**EXERCISE REQUIREMENTS**
Look through the data below for the line with "éléphant nature fond" and the line with "Галлюциногенные грибы Psilocybe Нерехта", then output those two and all lines in between, exactly as written.

(Saved entries)
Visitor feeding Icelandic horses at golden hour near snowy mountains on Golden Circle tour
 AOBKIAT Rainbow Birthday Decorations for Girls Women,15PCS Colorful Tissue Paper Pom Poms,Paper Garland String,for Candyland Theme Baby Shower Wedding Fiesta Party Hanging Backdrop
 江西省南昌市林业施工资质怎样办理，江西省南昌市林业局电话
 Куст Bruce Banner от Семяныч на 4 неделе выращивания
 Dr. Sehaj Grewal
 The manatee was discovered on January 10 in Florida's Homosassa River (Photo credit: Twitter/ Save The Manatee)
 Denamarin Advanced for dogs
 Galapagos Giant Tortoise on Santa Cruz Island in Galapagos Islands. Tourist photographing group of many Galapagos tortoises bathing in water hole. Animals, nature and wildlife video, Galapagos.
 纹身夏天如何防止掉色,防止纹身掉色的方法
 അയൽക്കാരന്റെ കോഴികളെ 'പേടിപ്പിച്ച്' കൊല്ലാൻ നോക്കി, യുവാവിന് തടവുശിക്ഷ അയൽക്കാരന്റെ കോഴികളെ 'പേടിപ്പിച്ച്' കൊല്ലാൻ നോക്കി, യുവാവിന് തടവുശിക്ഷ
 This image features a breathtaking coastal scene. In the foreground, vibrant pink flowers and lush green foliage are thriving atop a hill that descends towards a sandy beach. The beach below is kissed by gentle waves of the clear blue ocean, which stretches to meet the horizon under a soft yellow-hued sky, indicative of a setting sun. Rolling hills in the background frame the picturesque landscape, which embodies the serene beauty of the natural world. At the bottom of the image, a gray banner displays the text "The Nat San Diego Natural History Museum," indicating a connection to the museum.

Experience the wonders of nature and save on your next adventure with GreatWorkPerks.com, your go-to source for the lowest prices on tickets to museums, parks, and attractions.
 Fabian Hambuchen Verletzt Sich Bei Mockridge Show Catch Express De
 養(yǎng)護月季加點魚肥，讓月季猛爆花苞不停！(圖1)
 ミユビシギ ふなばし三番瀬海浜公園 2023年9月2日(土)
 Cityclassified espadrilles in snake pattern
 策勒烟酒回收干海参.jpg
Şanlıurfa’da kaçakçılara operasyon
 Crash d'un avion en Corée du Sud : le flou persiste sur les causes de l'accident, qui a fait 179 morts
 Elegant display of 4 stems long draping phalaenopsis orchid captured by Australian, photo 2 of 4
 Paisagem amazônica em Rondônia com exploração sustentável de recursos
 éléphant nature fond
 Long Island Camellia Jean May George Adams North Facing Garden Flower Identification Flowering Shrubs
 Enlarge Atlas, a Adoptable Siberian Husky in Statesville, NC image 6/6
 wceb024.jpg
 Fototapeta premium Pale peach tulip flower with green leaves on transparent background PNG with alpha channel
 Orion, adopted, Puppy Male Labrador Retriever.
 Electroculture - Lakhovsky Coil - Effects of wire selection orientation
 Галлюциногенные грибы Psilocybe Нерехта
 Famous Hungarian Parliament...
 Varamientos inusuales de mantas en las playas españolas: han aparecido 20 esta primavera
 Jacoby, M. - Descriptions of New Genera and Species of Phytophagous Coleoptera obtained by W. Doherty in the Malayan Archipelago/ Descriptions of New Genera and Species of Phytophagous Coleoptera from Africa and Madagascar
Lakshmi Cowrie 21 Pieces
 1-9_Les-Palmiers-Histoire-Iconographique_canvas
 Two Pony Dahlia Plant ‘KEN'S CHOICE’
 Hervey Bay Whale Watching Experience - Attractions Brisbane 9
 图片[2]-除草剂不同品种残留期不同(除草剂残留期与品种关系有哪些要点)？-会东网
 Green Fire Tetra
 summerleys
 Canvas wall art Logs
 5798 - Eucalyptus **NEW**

**ANSWER BELOW**
 éléphant nature fond
 Long Island Camellia Jean May George Adams North Facing Garden Flower Identification Flowering Shrubs
 Enlarge Atlas, a Adoptable Siberian Husky in Statesville, NC image 6/6
 wceb024.jpg
 Fototapeta premium Pale peach tulip flower with green leaves on transparent background PNG with alpha channel
 Orion, adopted, Puppy Male Labrador Retriever.
 Electroculture - Lakhovsky Coil - Effects of wire selection orientation
 Галлюциногенные грибы Psilocybe Нерехта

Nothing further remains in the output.